───── DATA SUPPLIED
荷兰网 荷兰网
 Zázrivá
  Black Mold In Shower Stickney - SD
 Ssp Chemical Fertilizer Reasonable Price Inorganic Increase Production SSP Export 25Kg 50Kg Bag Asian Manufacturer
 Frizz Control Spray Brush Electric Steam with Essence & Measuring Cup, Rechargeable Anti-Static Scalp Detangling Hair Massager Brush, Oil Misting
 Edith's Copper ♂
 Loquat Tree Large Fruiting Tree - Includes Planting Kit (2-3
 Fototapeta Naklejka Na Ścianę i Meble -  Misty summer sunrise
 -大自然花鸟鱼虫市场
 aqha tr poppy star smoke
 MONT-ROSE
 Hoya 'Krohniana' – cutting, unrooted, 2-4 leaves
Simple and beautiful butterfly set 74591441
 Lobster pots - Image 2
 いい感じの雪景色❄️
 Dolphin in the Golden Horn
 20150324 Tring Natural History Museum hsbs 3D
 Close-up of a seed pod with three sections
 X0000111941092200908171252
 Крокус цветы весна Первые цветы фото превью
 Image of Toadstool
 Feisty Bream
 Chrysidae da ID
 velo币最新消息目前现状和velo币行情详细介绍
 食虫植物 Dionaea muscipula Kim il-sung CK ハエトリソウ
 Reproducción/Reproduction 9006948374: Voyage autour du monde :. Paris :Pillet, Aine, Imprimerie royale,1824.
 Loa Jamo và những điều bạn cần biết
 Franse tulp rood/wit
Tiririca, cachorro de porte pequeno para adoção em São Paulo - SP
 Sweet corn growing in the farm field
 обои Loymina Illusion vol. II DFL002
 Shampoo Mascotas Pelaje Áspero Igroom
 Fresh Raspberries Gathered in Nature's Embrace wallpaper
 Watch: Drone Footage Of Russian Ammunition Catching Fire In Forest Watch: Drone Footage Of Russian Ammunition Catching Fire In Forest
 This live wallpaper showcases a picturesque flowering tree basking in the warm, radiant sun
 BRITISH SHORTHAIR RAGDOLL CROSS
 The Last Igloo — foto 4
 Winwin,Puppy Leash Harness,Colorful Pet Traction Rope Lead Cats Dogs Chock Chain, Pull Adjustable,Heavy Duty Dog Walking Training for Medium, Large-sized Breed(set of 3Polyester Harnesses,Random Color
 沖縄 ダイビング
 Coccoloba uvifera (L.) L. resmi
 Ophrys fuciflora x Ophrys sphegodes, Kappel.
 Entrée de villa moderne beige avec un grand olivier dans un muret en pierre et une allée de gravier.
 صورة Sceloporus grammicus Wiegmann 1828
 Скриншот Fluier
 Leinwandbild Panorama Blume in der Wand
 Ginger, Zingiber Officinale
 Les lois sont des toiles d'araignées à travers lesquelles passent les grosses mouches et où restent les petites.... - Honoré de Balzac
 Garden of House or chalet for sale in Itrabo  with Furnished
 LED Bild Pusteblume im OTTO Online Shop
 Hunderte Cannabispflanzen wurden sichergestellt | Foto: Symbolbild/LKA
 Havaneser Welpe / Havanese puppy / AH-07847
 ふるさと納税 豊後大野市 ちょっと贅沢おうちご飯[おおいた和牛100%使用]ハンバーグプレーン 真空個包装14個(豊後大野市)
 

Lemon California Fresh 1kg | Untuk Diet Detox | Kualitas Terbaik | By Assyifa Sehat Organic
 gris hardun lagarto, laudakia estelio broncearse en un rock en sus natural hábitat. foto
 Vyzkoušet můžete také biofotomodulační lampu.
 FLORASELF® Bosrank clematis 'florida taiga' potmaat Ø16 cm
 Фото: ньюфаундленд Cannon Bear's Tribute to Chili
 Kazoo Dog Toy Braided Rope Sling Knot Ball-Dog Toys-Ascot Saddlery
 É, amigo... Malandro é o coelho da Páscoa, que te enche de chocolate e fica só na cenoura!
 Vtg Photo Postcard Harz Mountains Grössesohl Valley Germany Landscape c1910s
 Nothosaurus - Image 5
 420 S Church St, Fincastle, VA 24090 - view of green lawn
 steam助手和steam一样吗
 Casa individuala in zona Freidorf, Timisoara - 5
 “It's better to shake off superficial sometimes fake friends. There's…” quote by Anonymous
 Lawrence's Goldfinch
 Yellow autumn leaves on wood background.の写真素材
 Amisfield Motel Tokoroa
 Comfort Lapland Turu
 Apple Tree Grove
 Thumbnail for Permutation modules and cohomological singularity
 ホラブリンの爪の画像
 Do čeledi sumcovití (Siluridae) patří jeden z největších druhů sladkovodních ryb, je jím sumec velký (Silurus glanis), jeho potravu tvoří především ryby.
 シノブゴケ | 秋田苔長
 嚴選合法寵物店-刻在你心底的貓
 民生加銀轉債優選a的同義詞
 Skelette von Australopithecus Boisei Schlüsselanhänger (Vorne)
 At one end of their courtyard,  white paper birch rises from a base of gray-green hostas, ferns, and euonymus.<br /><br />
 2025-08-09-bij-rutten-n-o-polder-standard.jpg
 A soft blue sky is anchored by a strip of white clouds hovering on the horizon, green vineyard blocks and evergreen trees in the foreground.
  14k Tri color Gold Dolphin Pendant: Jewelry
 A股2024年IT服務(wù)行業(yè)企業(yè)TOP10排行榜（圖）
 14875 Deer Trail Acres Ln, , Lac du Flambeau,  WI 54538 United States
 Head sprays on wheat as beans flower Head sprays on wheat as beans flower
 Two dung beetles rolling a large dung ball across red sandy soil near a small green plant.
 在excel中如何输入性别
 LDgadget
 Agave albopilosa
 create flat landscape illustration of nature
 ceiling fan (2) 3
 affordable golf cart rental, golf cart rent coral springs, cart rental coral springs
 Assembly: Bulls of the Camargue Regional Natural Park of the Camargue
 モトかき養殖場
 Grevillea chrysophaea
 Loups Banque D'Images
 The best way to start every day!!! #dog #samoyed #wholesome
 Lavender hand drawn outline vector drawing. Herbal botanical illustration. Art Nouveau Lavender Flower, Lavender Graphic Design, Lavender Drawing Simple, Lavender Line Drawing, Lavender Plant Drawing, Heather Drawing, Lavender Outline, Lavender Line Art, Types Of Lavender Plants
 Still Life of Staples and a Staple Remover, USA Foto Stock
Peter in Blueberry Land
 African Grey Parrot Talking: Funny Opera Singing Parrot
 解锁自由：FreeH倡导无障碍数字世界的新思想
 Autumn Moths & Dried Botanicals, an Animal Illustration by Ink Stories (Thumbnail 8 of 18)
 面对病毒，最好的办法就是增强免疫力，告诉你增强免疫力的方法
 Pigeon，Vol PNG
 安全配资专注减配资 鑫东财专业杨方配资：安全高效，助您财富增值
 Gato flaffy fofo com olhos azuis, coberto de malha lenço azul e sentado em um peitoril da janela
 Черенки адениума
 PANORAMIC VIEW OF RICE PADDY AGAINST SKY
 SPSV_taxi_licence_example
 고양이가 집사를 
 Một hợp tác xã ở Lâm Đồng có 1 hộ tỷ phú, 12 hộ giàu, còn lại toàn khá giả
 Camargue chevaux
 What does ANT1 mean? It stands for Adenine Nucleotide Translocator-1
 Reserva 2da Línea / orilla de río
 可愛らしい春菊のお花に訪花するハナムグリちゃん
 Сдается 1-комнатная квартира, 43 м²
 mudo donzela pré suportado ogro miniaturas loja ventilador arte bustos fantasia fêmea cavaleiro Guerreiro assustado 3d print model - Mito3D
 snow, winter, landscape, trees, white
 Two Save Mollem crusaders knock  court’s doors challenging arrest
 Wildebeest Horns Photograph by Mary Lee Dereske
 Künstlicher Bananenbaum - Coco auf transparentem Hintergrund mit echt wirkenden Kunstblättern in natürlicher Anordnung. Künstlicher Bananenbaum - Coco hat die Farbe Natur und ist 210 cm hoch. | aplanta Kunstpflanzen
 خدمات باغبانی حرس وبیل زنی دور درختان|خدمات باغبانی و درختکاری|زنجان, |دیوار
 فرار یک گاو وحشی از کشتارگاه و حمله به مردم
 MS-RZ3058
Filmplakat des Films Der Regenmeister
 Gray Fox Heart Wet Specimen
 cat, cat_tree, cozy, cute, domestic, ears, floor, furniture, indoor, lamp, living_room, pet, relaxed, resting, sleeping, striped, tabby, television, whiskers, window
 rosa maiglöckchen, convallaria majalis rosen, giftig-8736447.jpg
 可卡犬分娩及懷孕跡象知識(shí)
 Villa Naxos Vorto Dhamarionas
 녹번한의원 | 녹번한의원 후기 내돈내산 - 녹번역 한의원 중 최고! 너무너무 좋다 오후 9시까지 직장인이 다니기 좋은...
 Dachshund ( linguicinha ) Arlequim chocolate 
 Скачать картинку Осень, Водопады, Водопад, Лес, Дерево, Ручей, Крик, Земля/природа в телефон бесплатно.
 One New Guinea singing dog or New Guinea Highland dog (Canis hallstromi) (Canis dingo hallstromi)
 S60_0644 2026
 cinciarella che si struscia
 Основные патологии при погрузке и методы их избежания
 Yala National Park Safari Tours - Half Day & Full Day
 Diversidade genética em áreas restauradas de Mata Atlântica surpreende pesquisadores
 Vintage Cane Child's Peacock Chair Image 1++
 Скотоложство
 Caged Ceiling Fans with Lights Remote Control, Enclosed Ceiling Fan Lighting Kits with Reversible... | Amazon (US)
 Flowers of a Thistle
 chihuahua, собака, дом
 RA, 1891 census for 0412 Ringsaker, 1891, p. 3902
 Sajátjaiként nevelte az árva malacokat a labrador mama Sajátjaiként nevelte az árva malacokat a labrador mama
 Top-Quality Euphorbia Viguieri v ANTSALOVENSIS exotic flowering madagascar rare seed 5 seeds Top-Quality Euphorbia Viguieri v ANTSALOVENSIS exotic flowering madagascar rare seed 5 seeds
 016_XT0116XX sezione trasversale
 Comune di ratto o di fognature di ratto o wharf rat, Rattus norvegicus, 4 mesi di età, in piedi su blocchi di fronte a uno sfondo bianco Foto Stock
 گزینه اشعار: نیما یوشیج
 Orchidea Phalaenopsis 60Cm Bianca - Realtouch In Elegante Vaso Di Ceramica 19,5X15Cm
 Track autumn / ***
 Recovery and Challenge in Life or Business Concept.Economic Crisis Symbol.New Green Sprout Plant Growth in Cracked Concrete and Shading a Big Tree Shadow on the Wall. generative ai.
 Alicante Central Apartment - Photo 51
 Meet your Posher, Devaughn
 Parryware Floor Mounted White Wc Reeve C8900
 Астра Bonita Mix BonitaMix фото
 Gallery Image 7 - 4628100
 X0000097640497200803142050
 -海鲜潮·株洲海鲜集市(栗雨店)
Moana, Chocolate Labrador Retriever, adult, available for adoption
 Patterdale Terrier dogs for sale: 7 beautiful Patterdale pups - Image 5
──────────
## TASK ITEM
Work out how many lines in the data hold the word "Dolphin"; reply with the number alone.

## WRITTEN REPLY
2